UPDATED with closing price: Facebook shares closed down 26.4% in a market rout, knocking a record $230 billion off the company’s market cap.
PREVIOUSLY: A plunge in shares of Facebook parent Meta Platforms Facebook has erased more than than $200 billion of its market value, one of Wall Street’s steepest dips ever.
Shares are changing hands at about $243, down nearly 25% from yesterday’s close. It had hit a 52-week low of $237 on its fourth-quarter financials released after the market closed yesterday. Meta missed on earnings, saw Facebook’s daily active users dip for the first time ever as a public company (DAUs down by 1 million) and cited headwinds from inflation, foreign exchange, and an app tracking transparency feature Apple. Competition is heating up from platforms led by TikTok.
Facebook founder Mark Zuckerberg has therefore been pivoting the company to the so-called metaverse, including the name. Its stock symbol will also be changing from FB to MVRS sometime this quarter.

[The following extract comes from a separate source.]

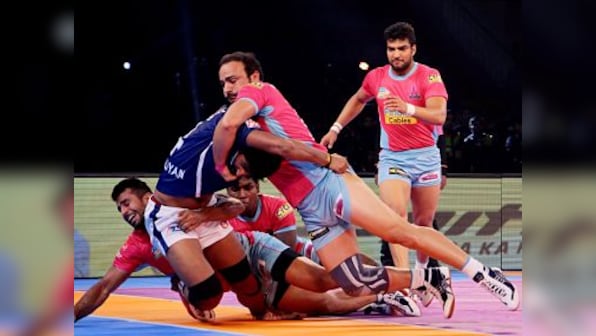 Pro Kabaddi League 2017: Jaipur Pink Panthers beat Dabang Delhi; Patna Pirates, Bengal Warriors play out tie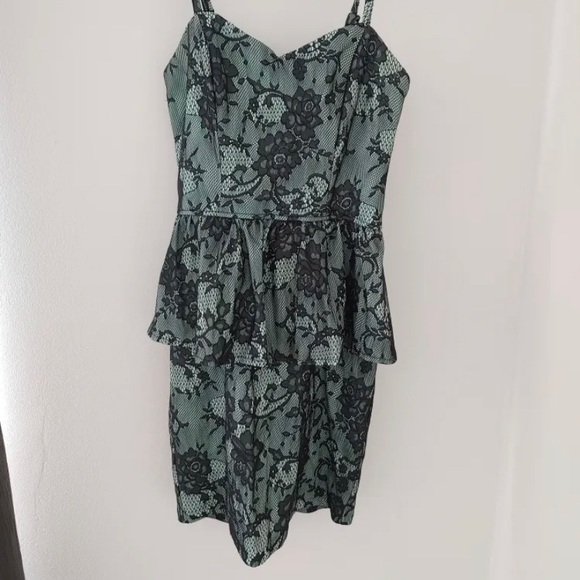 Lovely Dynamite Dress ✨ - Picture 2 of 6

The shift comes with a massive $10 billion investment in the sector that is also making Wall Street wince.
The VR and AV fueled metaverse concept – a network of virtual worlds fueled by social interaction that may also be the next iteration of the Internet — is starting to take hold but still in early stages.
In the near term, Facebook had warned of the squeeze by Apple’s app tracking technology. Apple now asks its device users to opt in, or agree, to having apps track their activity across the web. Turning the feature off makes it harder for companies like Meta to collect data on users. That impacts ad targeting, which drives revenue.
The stock drop had Wall Streeters debating whether yesterday’s news was the bottom, or if there’s more to come; if there are structural changes in the business; and even whether Meta is shifting to a value company in some ways from a growth company, and if that’s okay.
Facebook’s bad day rippled across the sector. Snap, which reports earnings later today, has signaled similar issues with the Apple policy, and trading down 20%. Spotify is off 15% in the wake of its earnings and amid controversy over podcaster Joe Rogan. Twitter and Amazon are each down about 6%.
The tech-heavy Nasdaq is down nearly 1.8%.